Many of us worry about whether we’re making the right healthy choices for our family, and this may stem from the fact that over 25 percent of the Australian population is classified as obese. This gets many of us thinking that if you don’t feed your children the right food when they’re young, are you responsible for their poor health and weight gain later on in life?
New research from Capilano Honey’s Family Nutrition Report showed that confusing dietary information is to blame for a rise in nutritional anxiety among Aussie parents, with more than one in 10 admitting they are baffled by conflicting recommendations around what they should and shouldn’t be feeding their kids.
It probably doesn’t help that we see a great deal in the media about ‘super mums’ making their handmade granola and fresh-from-scratch yoghurt… but the reality is, most of us just don’t have the time! My husband and I are both full-time workers so that’s not necessarily an option for us.

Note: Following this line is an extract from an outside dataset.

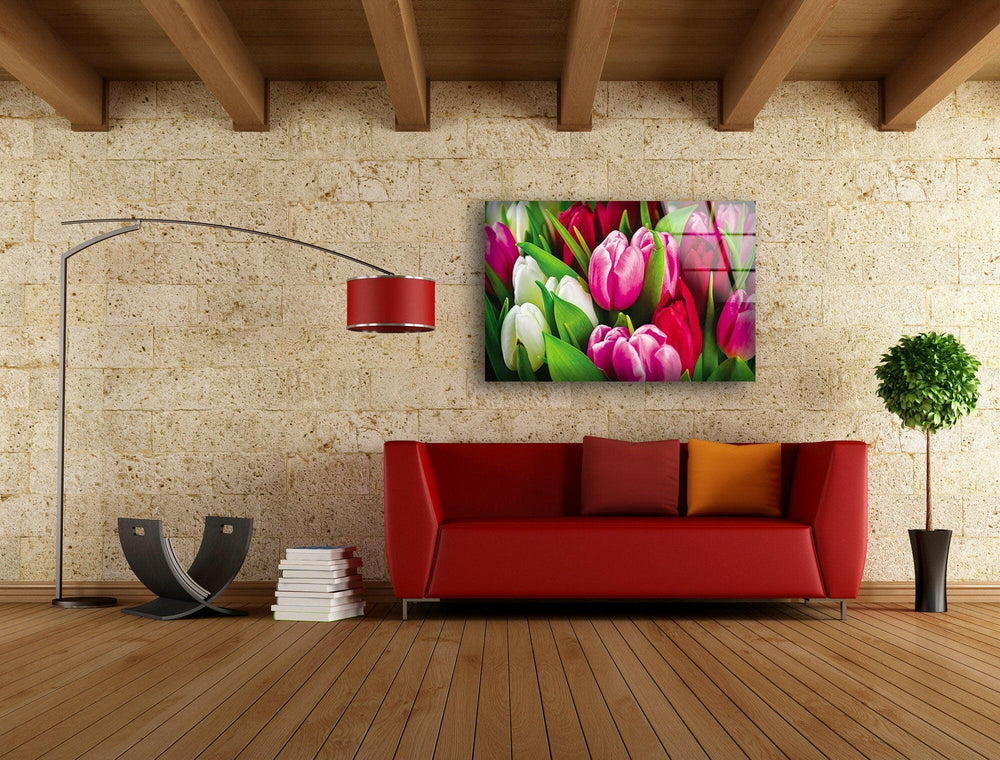 Colorful Tulips Glass Wall Art, glass wall decor, glass wall art decor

The research, led by Capilano, also found that more than half of parents (52%) often find themselves contending with a fusspot.
Kate: The pressure on parents to be 'everything' is enormous.
I can relate, as I’ve been blessed with two very beautiful, VERY fussy girls. Each morning Chloe (5) and Mia (3) wake up at around 6:00am dying from starvation so it’s a race against time to get their breakfasts organised. Greek yoghurt (believe it or not, we go through 5L a week) and a sliced banana with either Cheerios, Weetbix or porridge is a typical morning dish in our household. One can’t stand the look or taste of porridge and can’t even sit at the same table if it is dished up! While I’m not sure if Mia even likes Greek yoghurt, because her older sister doesn’t mind it, she happily eats it.
Do you think this breakfast choice sounds unhealthy? You would be surprised by how many other parents think it is, especially when they hear the word Cheerios. Being a dietitian, I know how important it is for kids to have a hearty breakfast and in my opinion, Cheerios certainly isn’t the worst choice… it’s a whole grain cereal containing soluble fibre, low in saturated fat, cholesterol free and fortified with a range of vitamins and minerals including iron, calcium and vitamin B meeting over 25% of the daily requirements – but that doesn’t stop the rhetorically horrified comments: ‘Do you at least buy the NO added sugar variety?’ or ‘Isn’t that like feeding your kids Fruit Loops?’
No. It’s nothing like giving your child a bowl of sugar, it only contains around one teaspoon per serve and they don’t add sugar to it either! Truth is, they would eat the NO added sugar variety but my eldest loves the original and my youngest prefers the honey flavoured – honestly, it really comes down to whichever option they have available at the supermarket. I’m not alone in swallowing the judgement from other mums and dads – Capilano’s research also found that almost one in five parents have been made to feel guilty about the food they give their child.